> [Supplied data]:
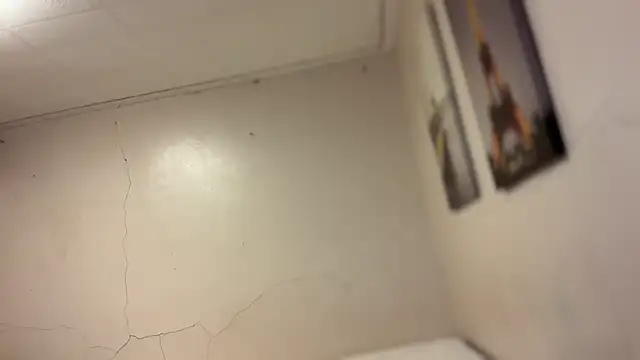 sabrina cutieee69 online show from 03/15/26, 03:24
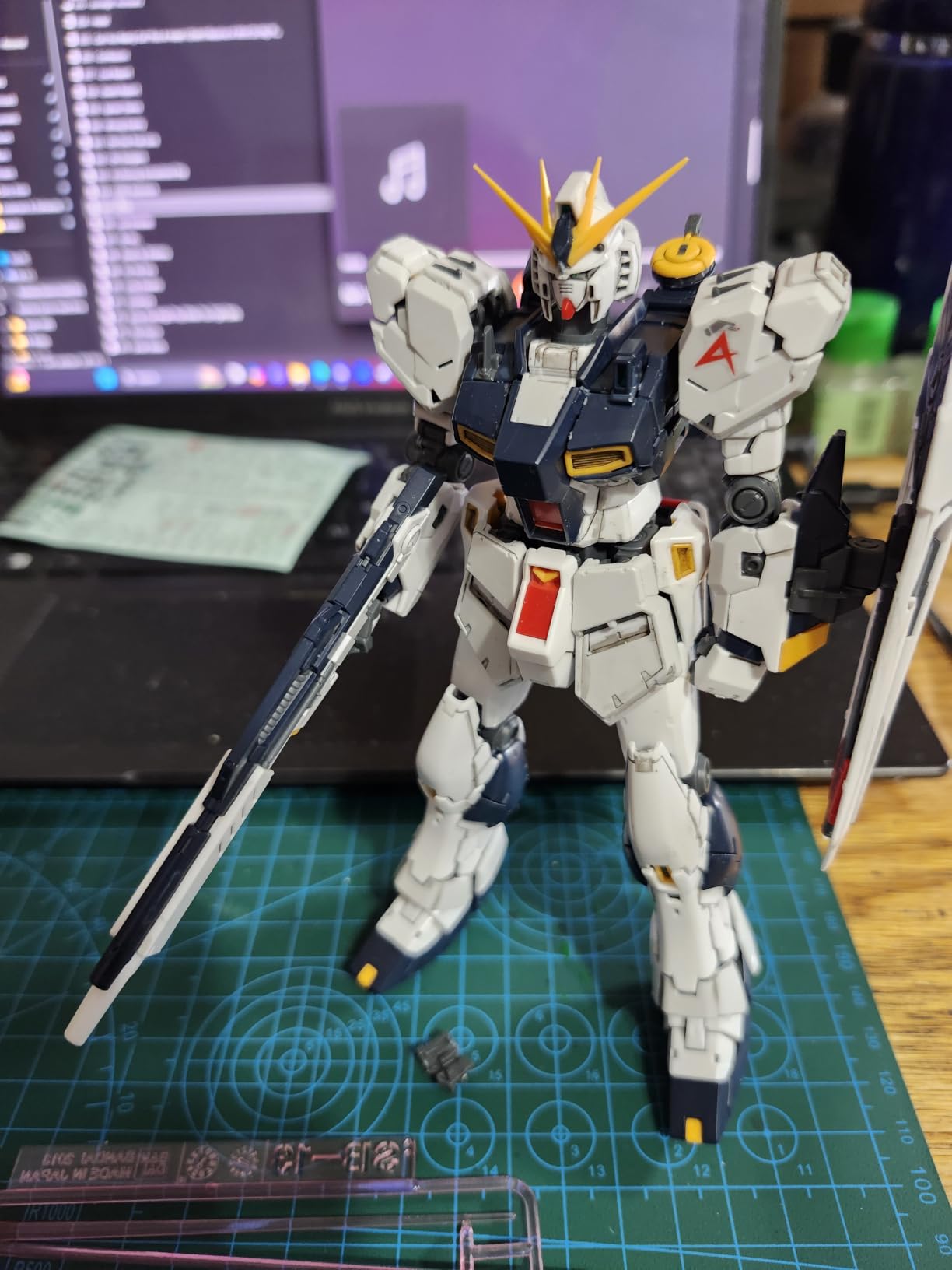 Bandai Hobby RG 1/144#32 Nu Gundam Char's Counterattack customer photo 2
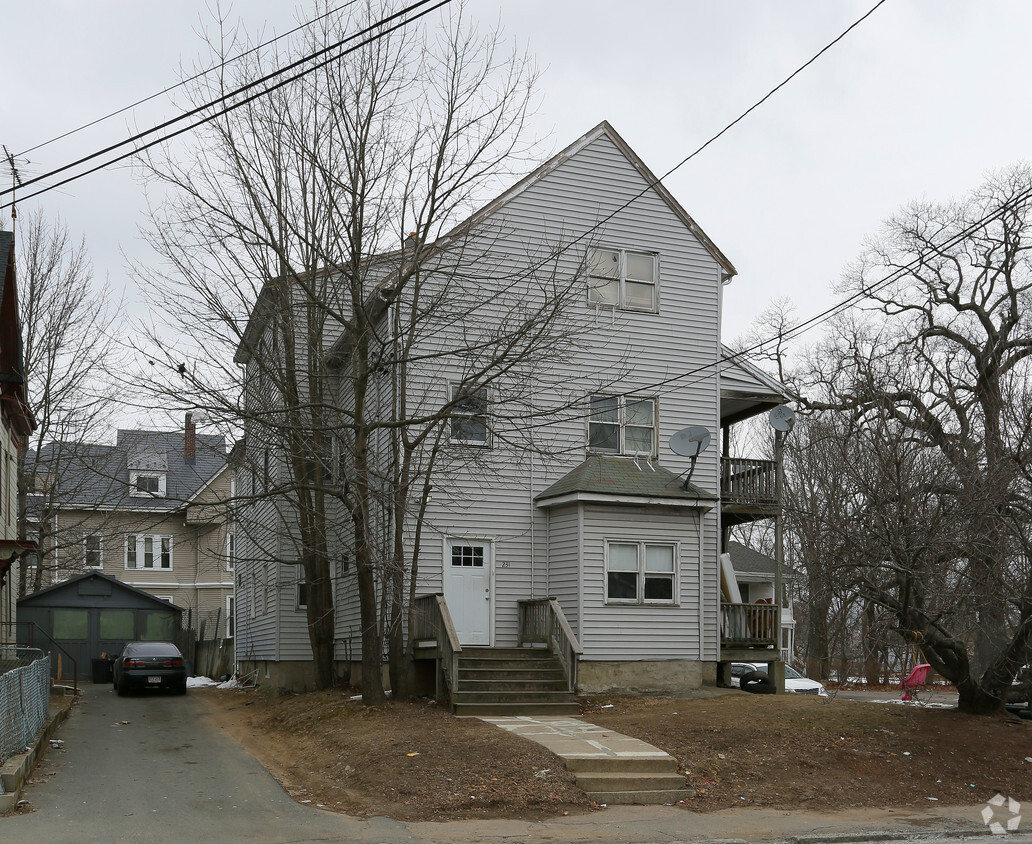 Building Photo - 231 Pleasant St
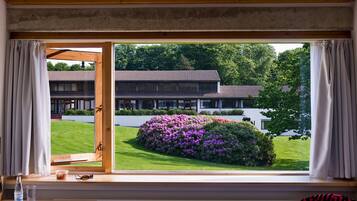 Habitación triple estándar | Ropa de cama hipoalergénica y caja de seguridad en la habitación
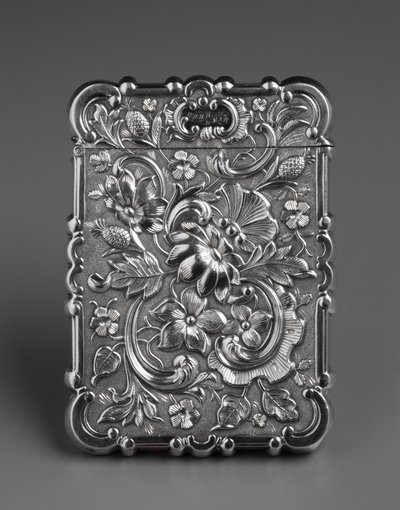 Arama Kartı Kılıfı by Leonard and Wilson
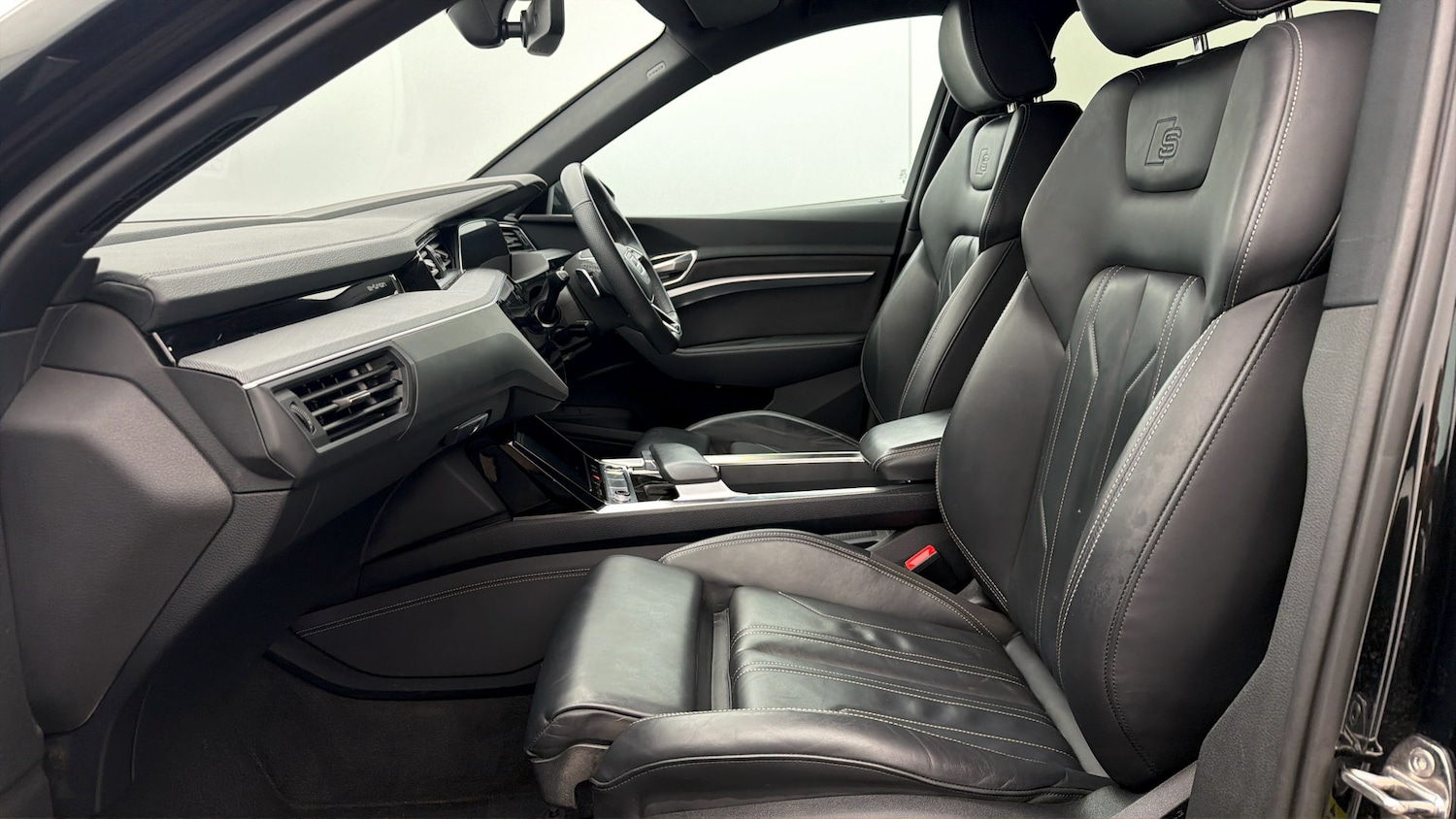 Used Audi Q8 2023 for sale - 78081208: Photo 13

> [Task brief]: Set down exactly and only the lines from the line that contains "Building Photo - 231 Pleasant St" through the last line of the entries above, with both of those lines included and the pictures left out.

> [Output for this exercise]:
 Building Photo - 231 Pleasant St
 Habitación triple estándar | Ropa de cama hipoalergénica y caja de seguridad en la habitación
 Arama Kartı Kılıfı by Leonard and Wilson
 Used Audi Q8 2023 for sale - 78081208: Photo 13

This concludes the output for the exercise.